I'm working on a project that requires quite a few "blind" requests β hitting URLs that might be full-fledged pages, or might be (say) PDFs to download and archive, but provide no real clues in their URLs alone. Unfortunately, of the examples of intercepting requests and downloading file rather than requesting the URLs as a browser do their work in preNavigationHooks, examining the URL itself.
Aside from simply using a stub BasicCrawler to check headers first, canceling the full navigation attempt if it's unnecessary, and accepting that there will be unnecessary double-visits, does Crawlee's architecture offer any way to handle this scenario?

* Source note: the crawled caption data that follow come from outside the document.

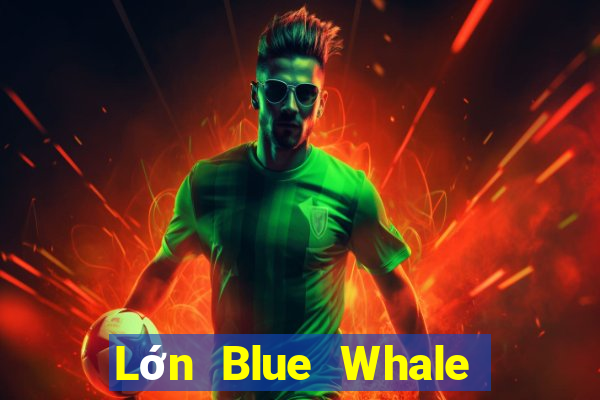 Lớn Blue Whale Giải trí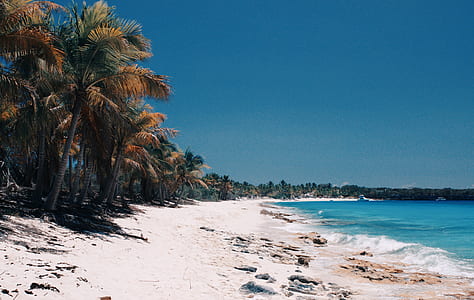 sea waves crashing to shore near coconut trees thumbnail
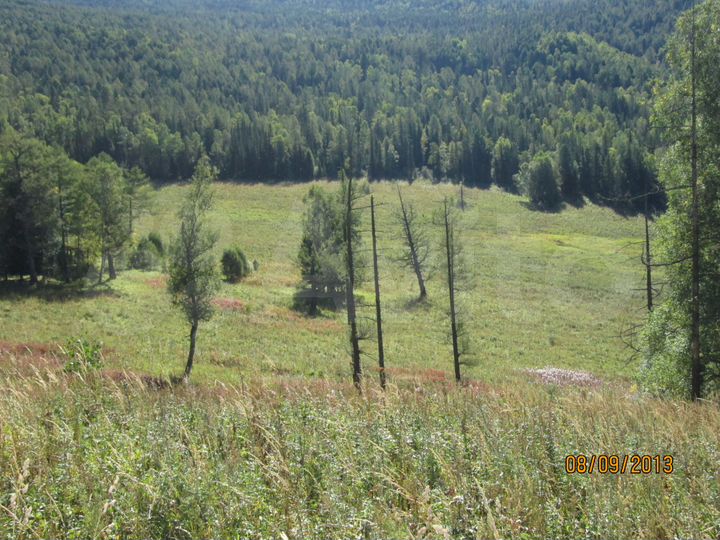 Участок 9,14 га (СНТ, ДНП)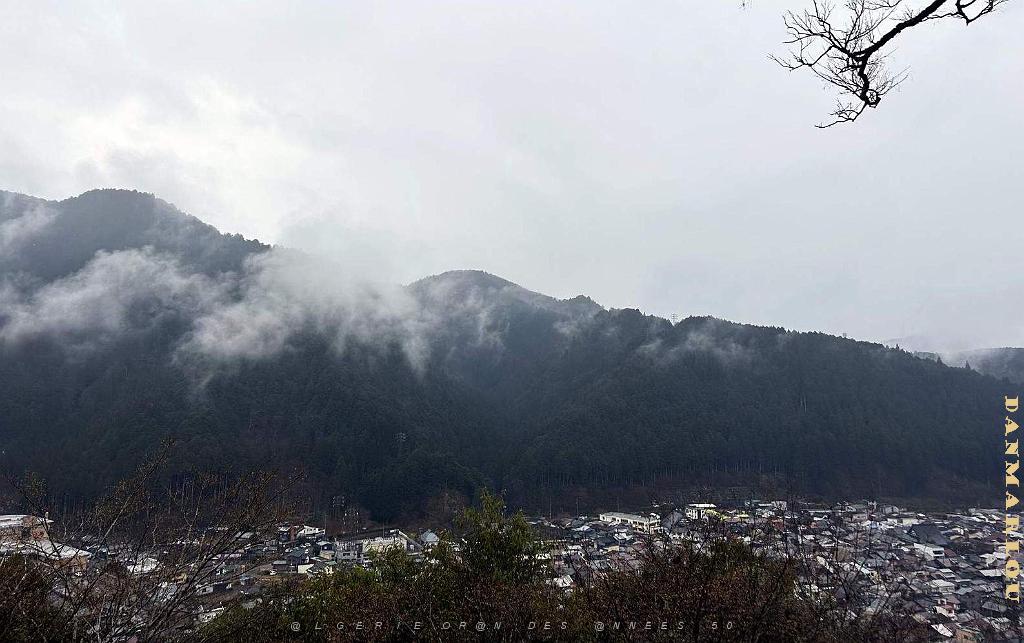 Nagoya - Excursion a Shirakawa via Takayama - 130.jpg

After some noodling around, I ended up solving this the brute-force way: in a preNavigationHook, I'm sending a HEAD request to the URL, checking its headers, and if it's a downloadable mime type I'm setting skipNavigation = true and request.label = 'download'. Although it results in an extra request, the impact should be pretty low β and will also allow me to skip unnecessary full requests, which should more than make up for it over the course of a large crawl.
That sounds good. You would basically have to override the page.goto behavior so it stops where you need. Not sure if the waitUntil: 'commit' would work for you, I'm not exactly sure what is available at that point. https://playwright.dev/docs/api/class-page#page-goto
Other option would be to use preNavigationHooks and page.on('request') or page.on('response') and cut the whole Request off once you get some first network.